=== Begin Enclosure ===
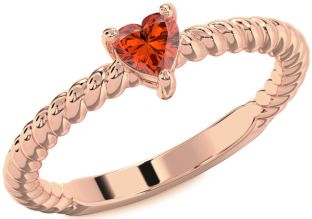 Amethyst Rose Gold Heart Promise Ring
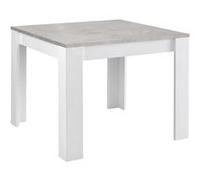 Table Carrée 100cm Laquée Blanc Brillant et Gris Marbré - DENAE - ALTOBUY Gris G
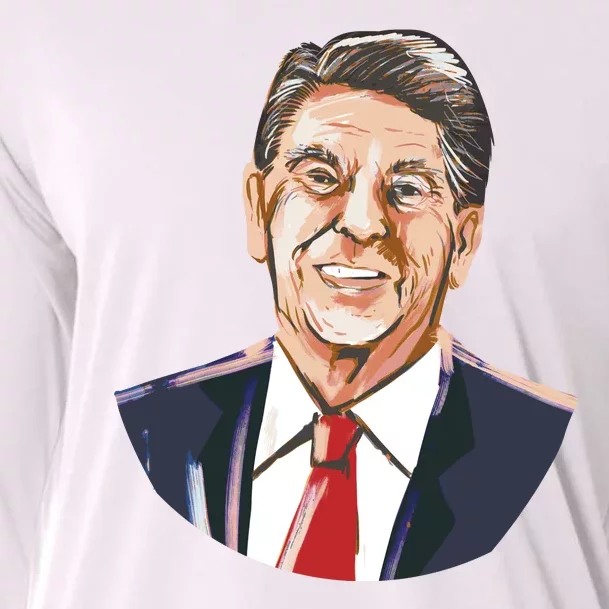 Ronald Reagan Illustration Cooling Performance Long Sleeve Crew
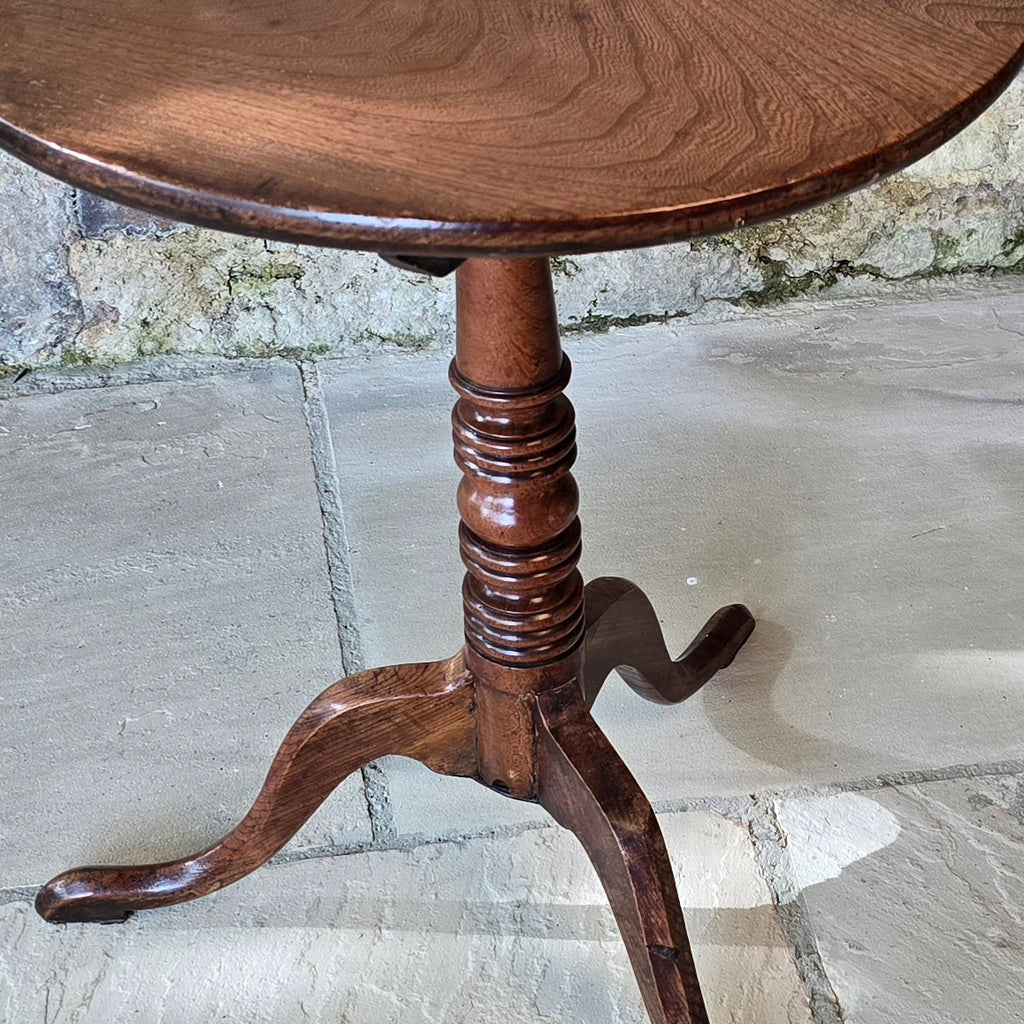 Good-tilt-top-pedestal-table-single-plank-top-tri-form-base-particularly-nice-ring-turned-column-constructed-in-ash-provincial-stylistically-regency-1830-small-size-delightful-table-lamp-stand-sofa-side-drinks-table-elegant-design-light-colour-contemporary-traditional-setting-english-circa-for-sale-damon-blandford-antiques-stow-on-the-wold-cotswolds-antique-furniture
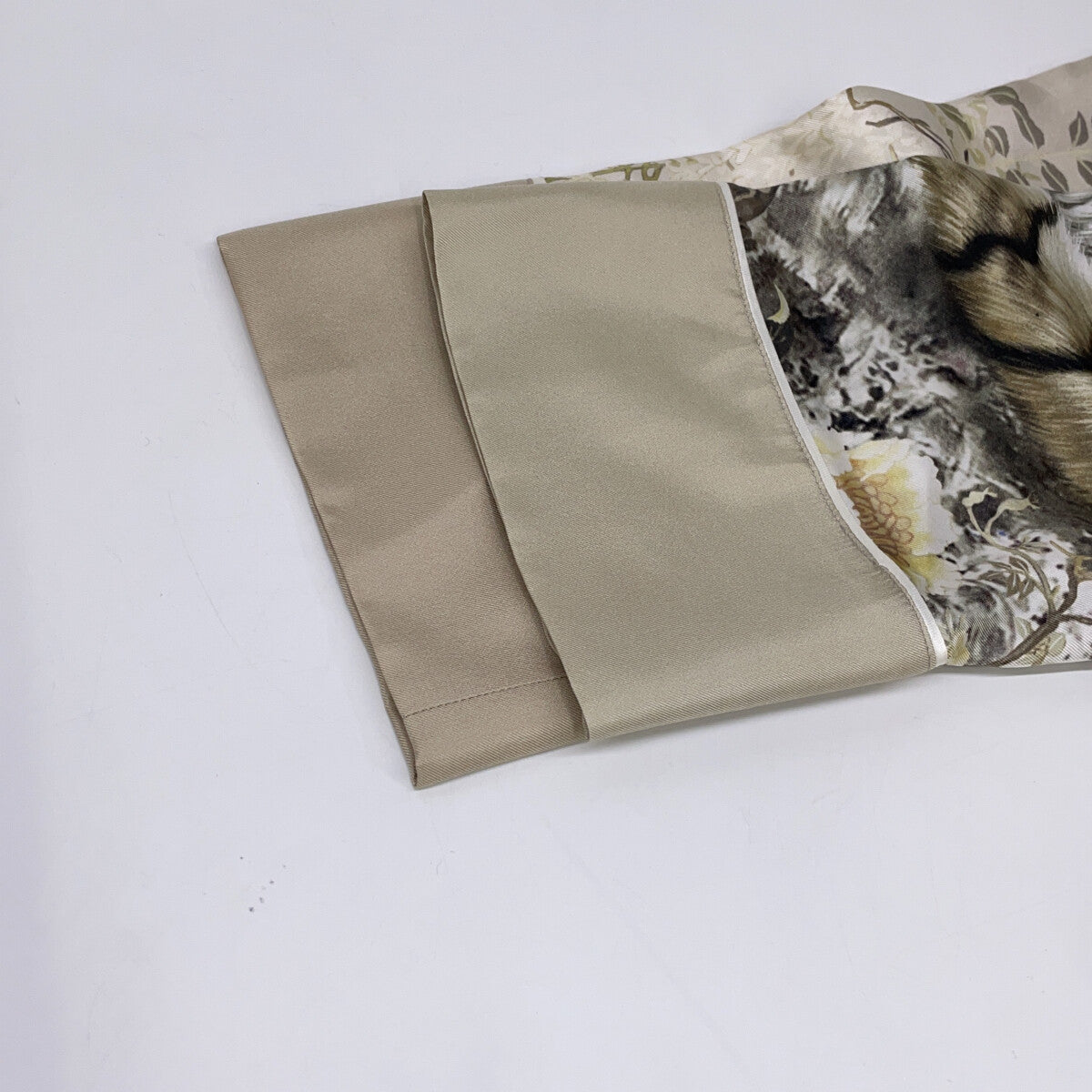 F.R.S For Restless Sleepers Beige Silk Tiger Crane Print Dress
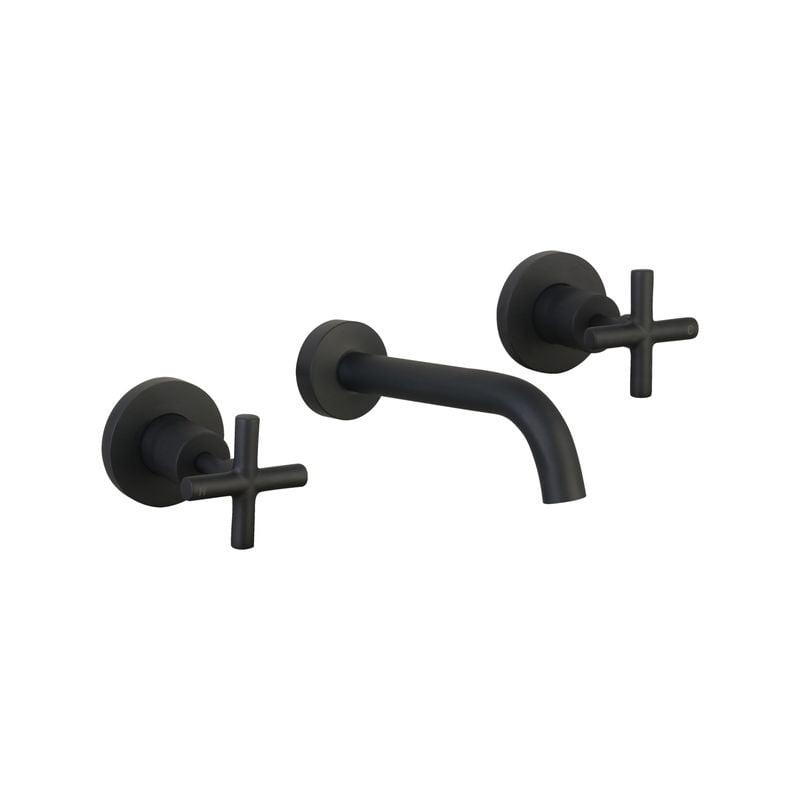 Resonance Cross Handle Matte Black Bath Set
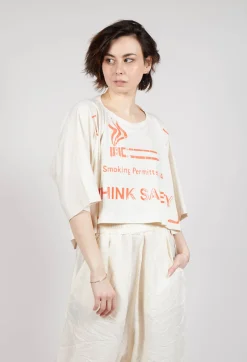 Cropped T-Shirt with Square Neckline in Greige and Mandarine Print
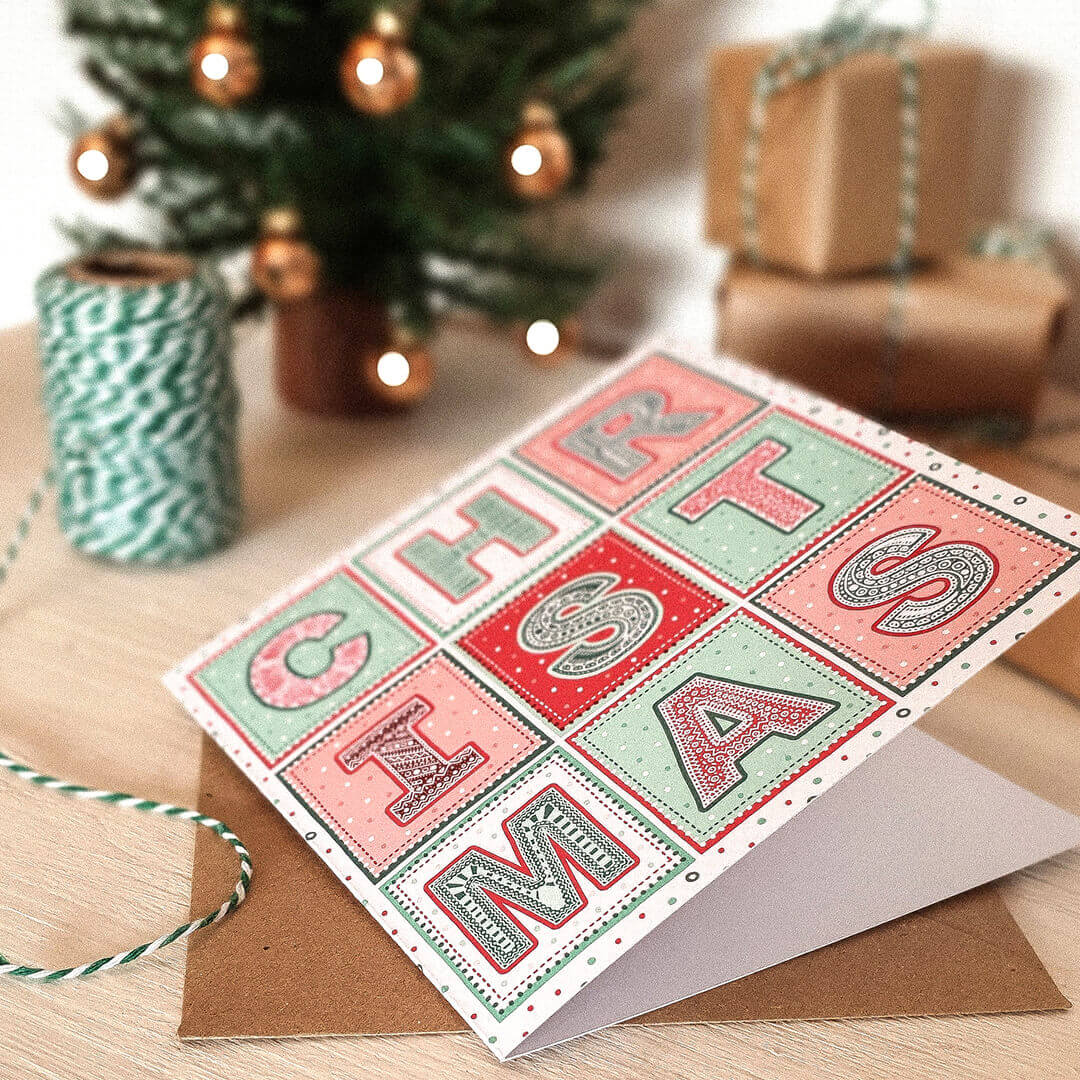 Unique typographic Christmas card Red green cream unique Christmas card Printed on recycled card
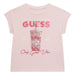 Guess pink t-shirt with glitter and sequin milkshake design on the chest.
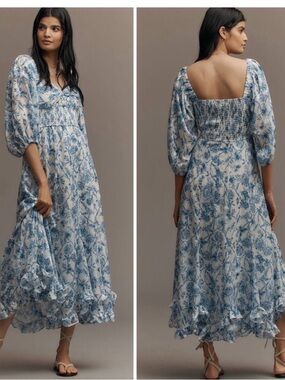 Hutch from Anthropologie Blue and White Floral Long Sleeve Dress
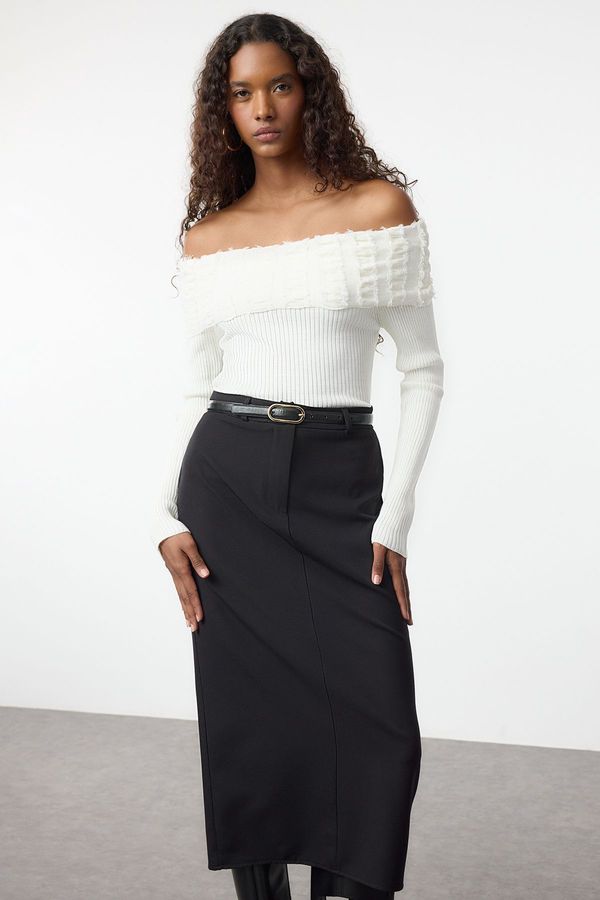 Trendyol Trendyol Ecru Carmen Collar Draped Detail Knitwear Sweater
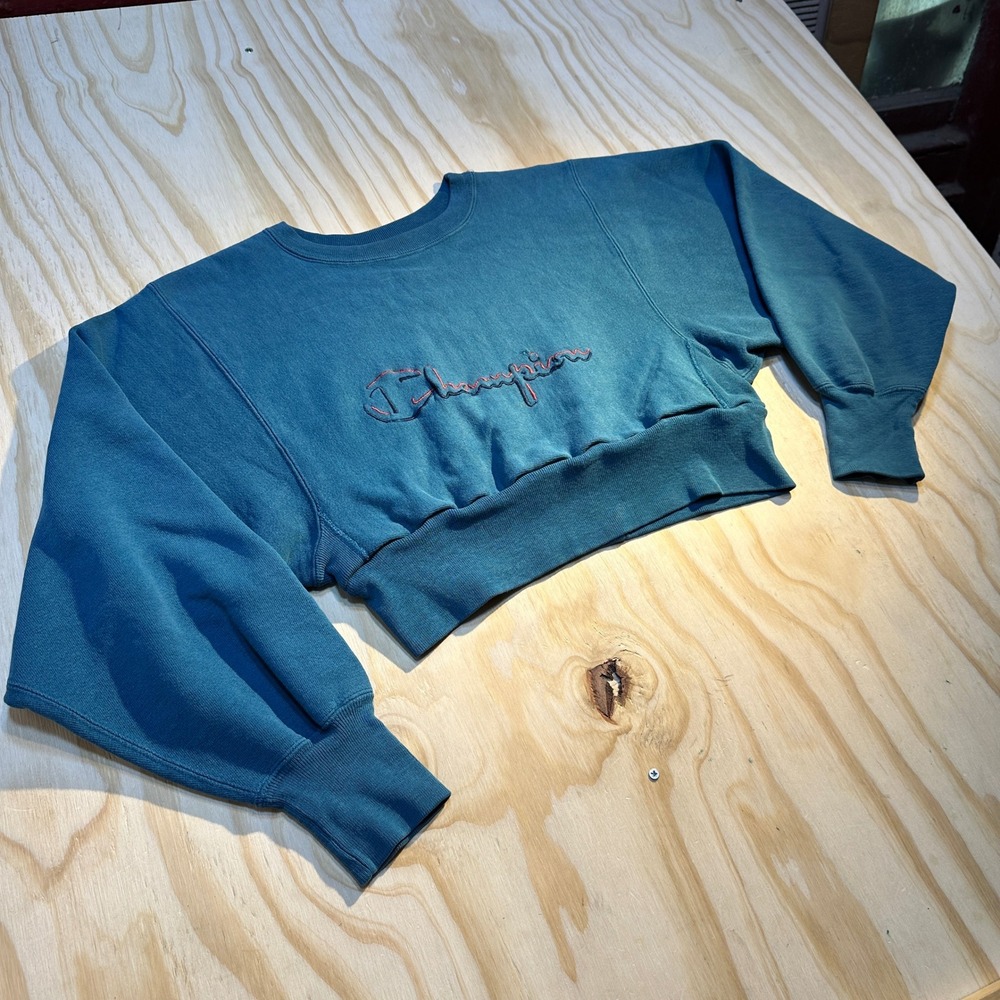 Champion Women Teal Blue Cropped Reverse Weave Embroidered Logo Sweatshirt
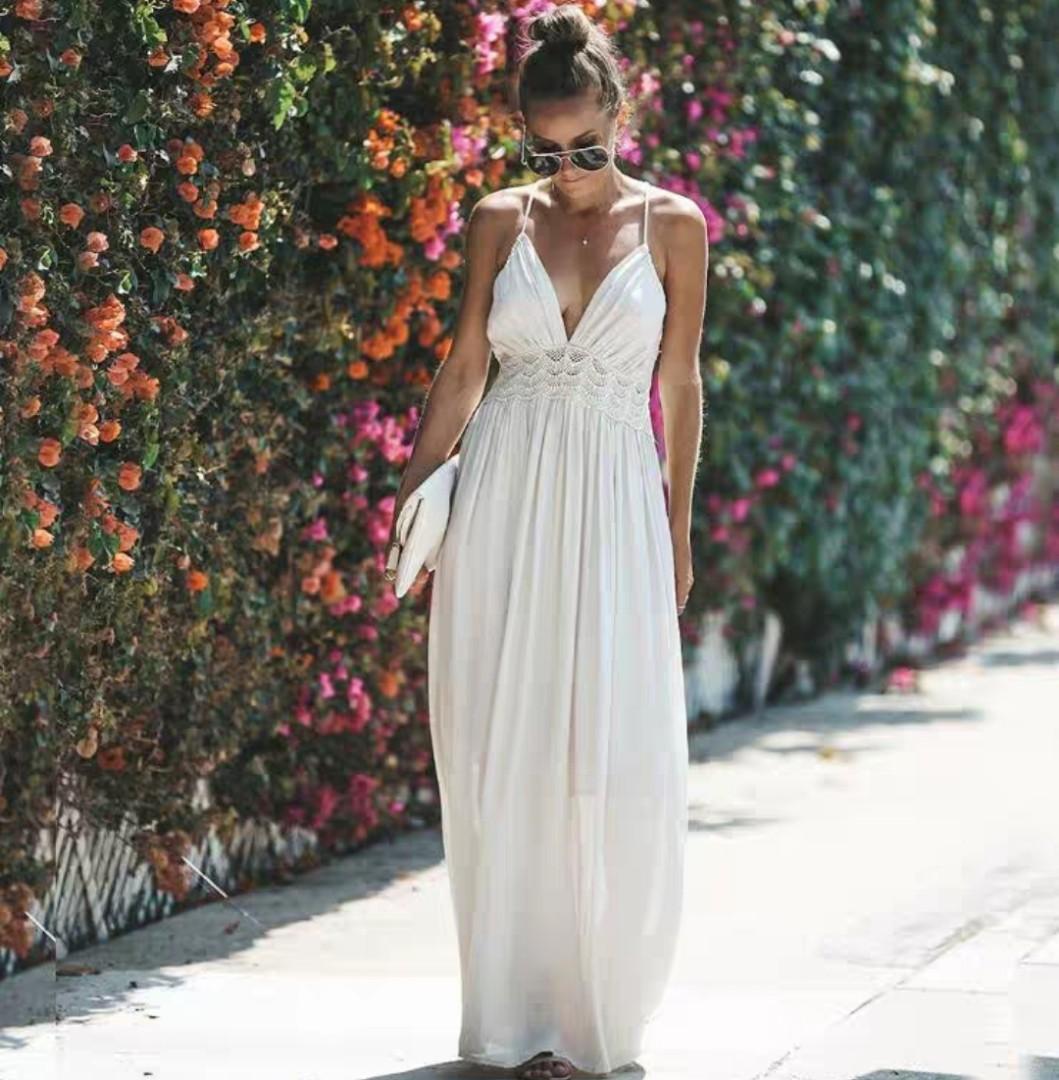 white goddess maxi dress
=== End Enclosure ===
- **Exercise goal**:
Everything in the records above except the pictures is to be reproduced word for word.

- **Completed task**:
 Amethyst Rose Gold Heart Promise Ring
 Table Carrée 100cm Laquée Blanc Brillant et Gris Marbré - DENAE - ALTOBUY Gris G
 Ronald Reagan Illustration Cooling Performance Long Sleeve Crew
 Good-tilt-top-pedestal-table-single-plank-top-tri-form-base-particularly-nice-ring-turned-column-constructed-in-ash-provincial-stylistically-regency-1830-small-size-delightful-table-lamp-stand-sofa-side-drinks-table-elegant-design-light-colour-contemporary-traditional-setting-english-circa-for-sale-damon-blandford-antiques-stow-on-the-wold-cotswolds-antique-furniture
 F.R.S For Restless Sleepers Beige Silk Tiger Crane Print Dress
 Resonance Cross Handle Matte Black Bath Set
 Cropped T-Shirt with Square Neckline in Greige and Mandarine Print
 Unique typographic Christmas card Red green cream unique Christmas card Printed on recycled card
 Guess pink t-shirt with glitter and sequin milkshake design on the chest.
 Hutch from Anthropologie Blue and White Floral Long Sleeve Dress
 Trendyol Trendyol Ecru Carmen Collar Draped Detail Knitwear Sweater
 Champion Women Teal Blue Cropped Reverse Weave Embroidered Logo Sweatshirt
 white goddess maxi dress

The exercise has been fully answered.